Having made its debut priced at 530p a pop, the commodity trading giant's share price has been in freefall ever since, losing more than a third. Last night there was a fresh and rather unwelcome milestone, with Glencore's fall of 17.95p to 343.65p seeing it at an all-time low.

It wasn't supposed to happen like this, and certainly some analysts have been left rather red-faced – little more than a month after the float scribblers from UBS and Credit Suisse decided to set price targets for the group of 630p and 600p respectively.

It is not all doom and gloom, with optimism that Glencore – headed by Ivan Glasenberg – could be supported by the end of a lock-up period on employees' shares that will result in an increase in its Footsie weighting.

Meanwhile, it is also worth noting that the benchmark index itself has dropped around 10 per cent since Glencore's debut, with the miners especially badly hit, while Accendo Markets' Michael van Dulken said the City was "annoyingly impressed" that Glencore had listed near the top of the market's recent highs.

Still, those unwilling to try to take a long-term view will not be particularly happy – "the only winners are the ones that took the fees", grumbled one trader.

Any hopes the last two days of rises were the start of a major recovery were quickly vanquished as the FTSE 100 headed back down, losing all of this week's gains.

With fears rising again over a possible Greek exit ahead of last night's meeting between eurozone leaders, the top-tier index fell 136.87 points to 5,266.41. But at least shares in Facebook were rising for once in early trading on Wall Street.

Having been a driving force behind the short-lived bounce, much of the pain was suffered by the miners with Vedanta Resources the worst of the bunch after falling 95.5p to 951.5p.

The sector wasn't helped by UBS recommending investors should remain cautious, particularly towards miners exposed to copper and platinum group metals such as Kazakhmys (down 58p to 679.5p) and Antofagasta (44p lower at 1,032p).

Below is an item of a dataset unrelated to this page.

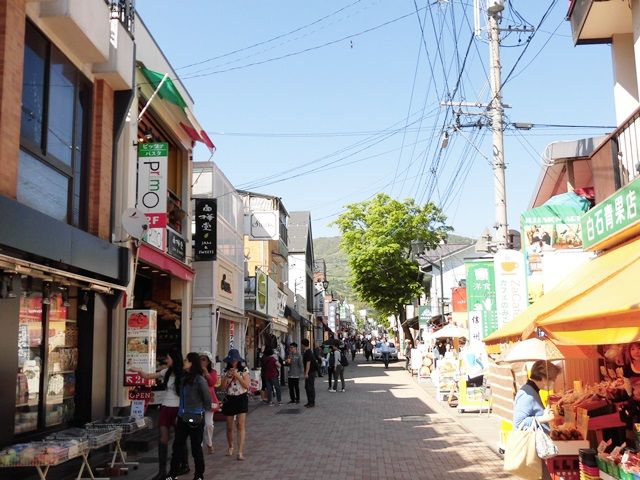 休みの日は、ゆっくりショッピングもできちゃいます！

Also on the loserboard – and not for the first time – was hedge fund giant Man Group, which set a fresh, 12-year low by retreating 4.55p to 73.1p.

In fact, by the bell there were only three risers on the benchmark index. They included BSkyB, as the satellite broadcaster crept up 2.5p to 693p after being cleared by a Competition Commission investigation into the pay-TV movie market.

Punters in the London Stock Exchange rushed to follow two of the bourse's largest investors out the door after Italian banks UniCredit and Intesa Sanpaolo both got rid of their stakes well below Tuesday's closing price of 1021p. With the two – who were the third and fourth-largest shareholders and together held 11.5 per cent of the company – selling at 960p, the LSE was knocked back 74p to 947p.

Aquarius Platinum finished 8.4p lower at 74.8p as the miner admitted output at its Mimosa mine in Zimbabwe would be 70 per cent lower for the next three weeks following a fire, although it said its stockpiles were more than large enough to cover the expected drop in production.

There was some relief among investors in FirstGroup after the public transport company's final results contained no nasty surprises. With the figures coming in the wake of March's profits warning, the firm accelerated 15.2p to 220.1p as it revealed that it was going to get rid of more of its bus operations.

The bid battle for Cove Energy is not over yet, if the punters are to be believed. After Thailand's PTT Exploration and Production trumped the 220p approach from Royal Dutch Shell (down 47.5p to 2,039p) by offering 240p a share, the Mozambique-focused driller moved even higher, shooting up 26p to 250p.

Meanwhile, fellow explorer Roxi Petroleum was also in demand after saying it was encouraged by the latest update from its drilling in Kazakhstan, prompting the tiddler to advance 1p – or 36 per cent – to 3.75p.